Records to use START

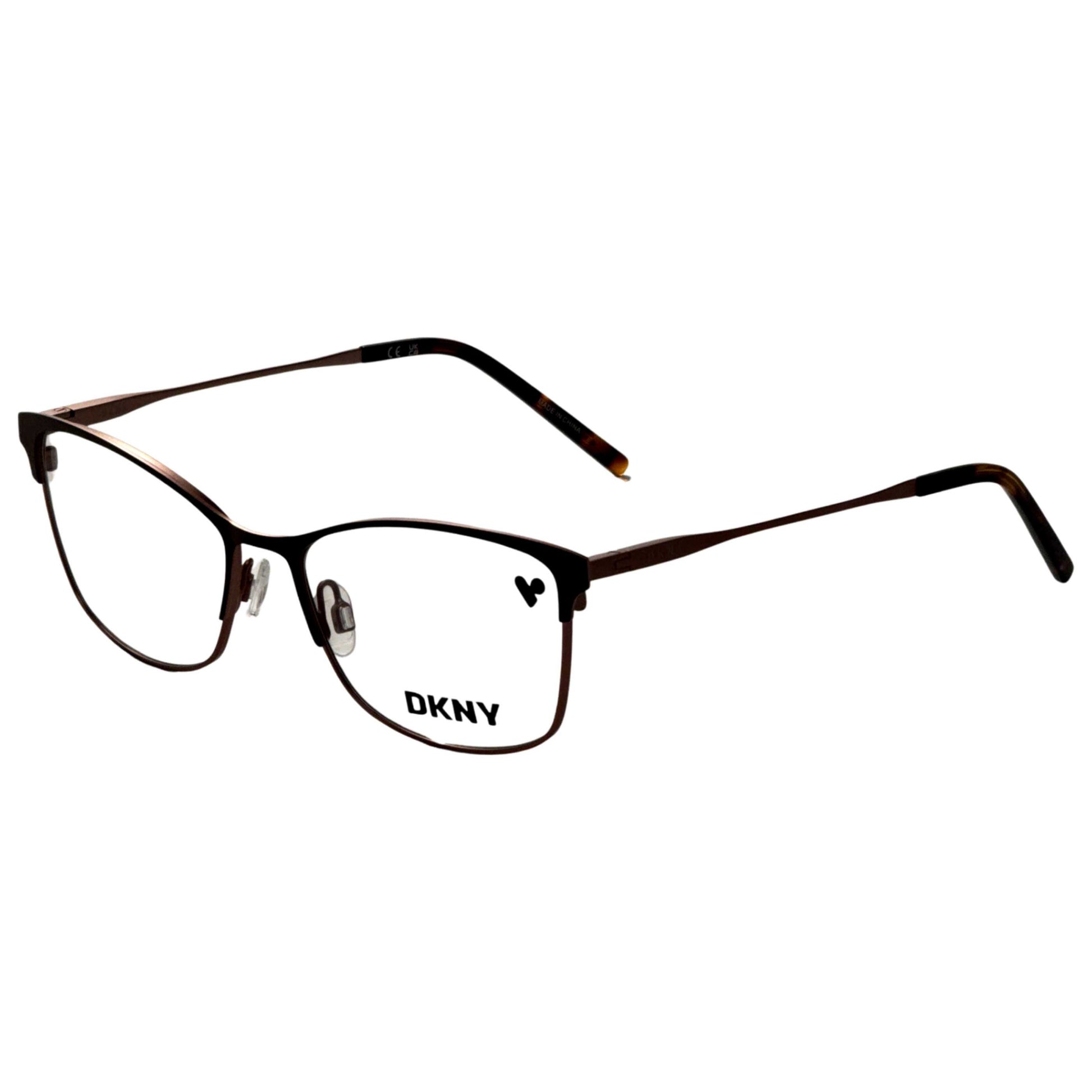 Front view of DKNY Women's Opticals DK1028-210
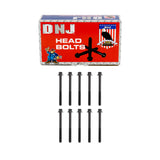DNJ HBK678 Cylinder Head Bolt Set ‚ Cylinder Head Bolt Nissan Juke Rogue Sentra Kr15Ddtmr16Ddt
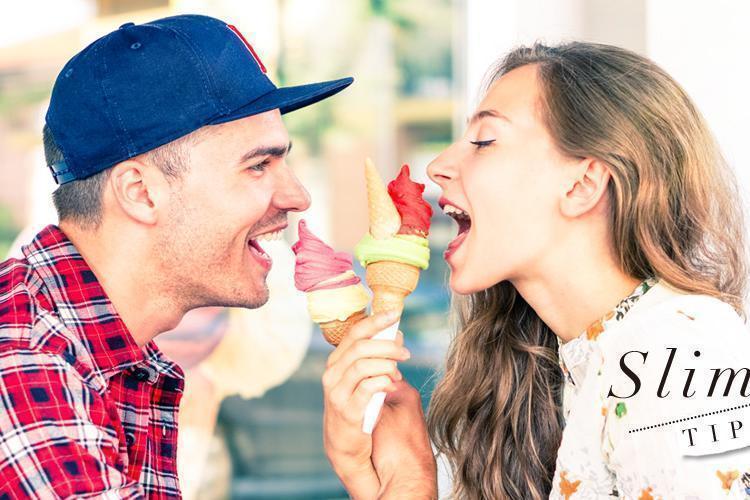 別再吃冰啦，小心減肥破功！4招教你當懶人都能瘦！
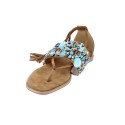 Sandalias Alma en Pena zapatos Mujer modelo V22468 Marrón 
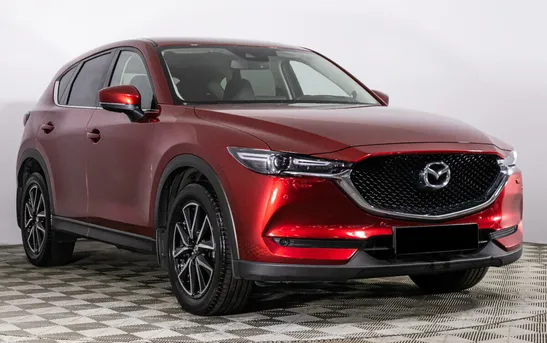 Mazda CX-5 2.50 Автоматическая, фото №1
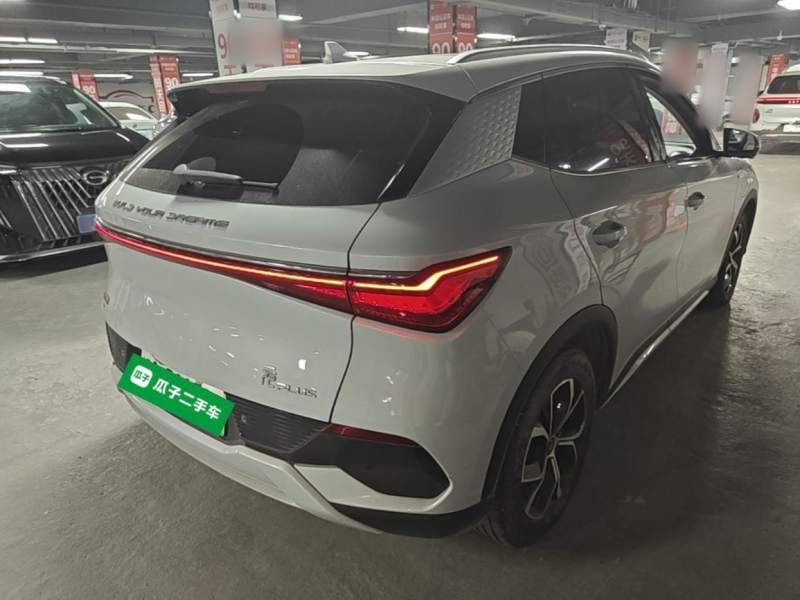 Used BYD Yuan PLUS 2023 Champion Edition 430KM Superior Model — 6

Records to use END

> **Aim of the task**
From the line containing "Sandalias Alma en" through the final line of the records, write out each line exactly, and include no pictures.

> **Response to the exercise**
 Sandalias Alma en Pena zapatos Mujer modelo V22468 Marrón 
 Mazda CX-5 2.50 Автоматическая, фото №1
 Used BYD Yuan PLUS 2023 Champion Edition 430KM Superior Model — 6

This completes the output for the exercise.